WHAT IS EXPECTED => With the line containing "Реутов, парк, фабричный" as the start and the line containing "Panasonic LUMIX DMC-LS80" as the end, transcribe that span of the entries below exactly, including both.

DATA RECORDS =>
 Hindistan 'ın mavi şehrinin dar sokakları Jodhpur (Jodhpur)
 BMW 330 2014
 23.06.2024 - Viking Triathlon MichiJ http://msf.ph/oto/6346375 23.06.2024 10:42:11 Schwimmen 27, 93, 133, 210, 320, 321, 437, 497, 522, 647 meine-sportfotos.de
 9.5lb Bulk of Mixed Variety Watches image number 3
--
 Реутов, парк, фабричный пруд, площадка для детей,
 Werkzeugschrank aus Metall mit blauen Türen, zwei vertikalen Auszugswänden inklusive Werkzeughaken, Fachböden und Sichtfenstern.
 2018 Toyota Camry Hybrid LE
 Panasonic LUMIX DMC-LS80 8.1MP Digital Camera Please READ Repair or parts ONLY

THE ANSWER =>
 Реутов, парк, фабричный пруд, площадка для детей,
 Werkzeugschrank aus Metall mit blauen Türen, zwei vertikalen Auszugswänden inklusive Werkzeughaken, Fachböden und Sichtfenstern.
 2018 Toyota Camry Hybrid LE
 Panasonic LUMIX DMC-LS80 8.1MP Digital Camera Please READ Repair or parts ONLY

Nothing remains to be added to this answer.